Rowenna Davis may not have come across Stuart Fox's evidence regarding the satisfaction levels of young people with respect to British democracy. Whether she has or not, she's re-telling the story of how the Iraq war disillusioned her generation – remember, those protesters of February 15 2003 who weren't obeyed. Forgive me for sounding like an old cynic, but reading Davis you could get the impression that the generation she belonged to was that of the playgroup population finger-painting its way through London in support of love and universal goodness. But in any case it's the familiar tale:
For many, the Iraq war was a demonstration that power could ultimately bypass any civil protest. Two million people came out marching and 2,000 young hands were raised, and they were overridden.
Except that Davis then departs from the usual script by allowing that street demonstrations don't in fact rule:
But here there has to be a 'but', and so there is:Of course not every protest can or should be successful...
... but this one felt defeated by something disingenuous.
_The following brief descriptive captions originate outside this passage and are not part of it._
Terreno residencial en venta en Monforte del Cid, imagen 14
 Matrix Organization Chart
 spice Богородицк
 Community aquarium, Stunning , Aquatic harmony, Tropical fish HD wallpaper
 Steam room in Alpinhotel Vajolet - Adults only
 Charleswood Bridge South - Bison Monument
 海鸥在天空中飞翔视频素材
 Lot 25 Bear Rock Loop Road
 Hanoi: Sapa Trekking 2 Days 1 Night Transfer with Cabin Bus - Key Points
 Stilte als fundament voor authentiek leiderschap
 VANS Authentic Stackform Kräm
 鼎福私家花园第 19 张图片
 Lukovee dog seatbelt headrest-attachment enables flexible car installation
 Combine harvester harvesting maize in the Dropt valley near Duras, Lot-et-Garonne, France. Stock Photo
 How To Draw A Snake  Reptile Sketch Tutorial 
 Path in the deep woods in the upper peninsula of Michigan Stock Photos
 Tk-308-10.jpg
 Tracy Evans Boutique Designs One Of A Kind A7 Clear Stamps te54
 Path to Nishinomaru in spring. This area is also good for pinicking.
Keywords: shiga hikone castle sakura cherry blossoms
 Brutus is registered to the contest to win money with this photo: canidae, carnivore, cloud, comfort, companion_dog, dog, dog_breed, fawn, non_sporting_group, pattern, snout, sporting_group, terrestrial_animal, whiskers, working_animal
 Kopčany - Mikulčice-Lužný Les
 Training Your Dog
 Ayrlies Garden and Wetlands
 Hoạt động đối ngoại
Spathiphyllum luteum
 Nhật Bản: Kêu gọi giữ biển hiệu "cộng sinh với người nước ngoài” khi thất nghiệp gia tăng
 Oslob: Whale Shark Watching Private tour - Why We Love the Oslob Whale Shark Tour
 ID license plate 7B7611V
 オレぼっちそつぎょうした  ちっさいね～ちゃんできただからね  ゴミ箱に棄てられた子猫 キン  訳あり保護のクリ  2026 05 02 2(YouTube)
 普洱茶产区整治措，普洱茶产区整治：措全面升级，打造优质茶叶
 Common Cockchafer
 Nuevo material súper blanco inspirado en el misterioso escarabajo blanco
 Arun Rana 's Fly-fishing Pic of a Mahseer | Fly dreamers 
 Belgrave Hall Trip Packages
The left was supposed to be the party of peace and democracy, now it was the one misleading us into conflict for reasons that kept changing. It marked the beginning of the disenchantment with party politics in general.
The reasons kept changing? I don't know – I had a pretty firm grip on them. As for the left being 'the party of peace and democracy', it's just obvious to Davis that such a party wouldn't want to see the end of a fascistic tyrant and his special forms of peace. Note, in passing, that she uses the phrase 'brutality of power', yet absolutely not with reference to the regime overthrown by US and British arms.